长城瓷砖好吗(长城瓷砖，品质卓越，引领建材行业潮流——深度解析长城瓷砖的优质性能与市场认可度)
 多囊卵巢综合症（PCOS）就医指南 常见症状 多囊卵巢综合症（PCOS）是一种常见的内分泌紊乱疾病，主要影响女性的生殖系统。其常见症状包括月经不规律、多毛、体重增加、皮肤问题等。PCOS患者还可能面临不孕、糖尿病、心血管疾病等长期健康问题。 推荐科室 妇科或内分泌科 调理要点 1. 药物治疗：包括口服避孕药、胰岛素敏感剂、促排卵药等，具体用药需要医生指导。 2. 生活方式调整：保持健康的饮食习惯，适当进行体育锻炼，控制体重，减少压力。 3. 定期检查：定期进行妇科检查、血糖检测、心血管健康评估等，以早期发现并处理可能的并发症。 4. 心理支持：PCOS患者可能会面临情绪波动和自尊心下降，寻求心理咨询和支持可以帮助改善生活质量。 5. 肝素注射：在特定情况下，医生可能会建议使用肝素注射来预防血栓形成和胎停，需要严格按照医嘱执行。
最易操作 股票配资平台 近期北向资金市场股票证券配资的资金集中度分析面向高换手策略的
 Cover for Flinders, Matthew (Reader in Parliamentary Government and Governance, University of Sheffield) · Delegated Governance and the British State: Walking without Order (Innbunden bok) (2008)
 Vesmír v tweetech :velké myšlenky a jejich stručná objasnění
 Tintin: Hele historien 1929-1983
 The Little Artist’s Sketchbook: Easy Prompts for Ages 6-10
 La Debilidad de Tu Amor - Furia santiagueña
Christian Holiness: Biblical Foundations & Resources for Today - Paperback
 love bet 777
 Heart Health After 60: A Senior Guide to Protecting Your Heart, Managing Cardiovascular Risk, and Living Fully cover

== == ==

* [Directions]
Would you retype all of the data exactly as shown?

* [Exercise response]
长城瓷砖好吗(长城瓷砖，品质卓越，引领建材行业潮流——深度解析长城瓷砖的优质性能与市场认可度)
 多囊卵巢综合症（PCOS）就医指南 常见症状 多囊卵巢综合症（PCOS）是一种常见的内分泌紊乱疾病，主要影响女性的生殖系统。其常见症状包括月经不规律、多毛、体重增加、皮肤问题等。PCOS患者还可能面临不孕、糖尿病、心血管疾病等长期健康问题。 推荐科室 妇科或内分泌科 调理要点 1. 药物治疗：包括口服避孕药、胰岛素敏感剂、促排卵药等，具体用药需要医生指导。 2. 生活方式调整：保持健康的饮食习惯，适当进行体育锻炼，控制体重，减少压力。 3. 定期检查：定期进行妇科检查、血糖检测、心血管健康评估等，以早期发现并处理可能的并发症。 4. 心理支持：PCOS患者可能会面临情绪波动和自尊心下降，寻求心理咨询和支持可以帮助改善生活质量。 5. 肝素注射：在特定情况下，医生可能会建议使用肝素注射来预防血栓形成和胎停，需要严格按照医嘱执行。
最易操作 股票配资平台 近期北向资金市场股票证券配资的资金集中度分析面向高换手策略的
 Cover for Flinders, Matthew (Reader in Parliamentary Government and Governance, University of Sheffield) · Delegated Governance and the British State: Walking without Order (Innbunden bok) (2008)
 Vesmír v tweetech :velké myšlenky a jejich stručná objasnění
 Tintin: Hele historien 1929-1983
 The Little Artist’s Sketchbook: Easy Prompts for Ages 6-10
 La Debilidad de Tu Amor - Furia santiagueña
Christian Holiness: Biblical Foundations & Resources for Today - Paperback
 love bet 777
 Heart Health After 60: A Senior Guide to Protecting Your Heart, Managing Cardiovascular Risk, and Living Fully cover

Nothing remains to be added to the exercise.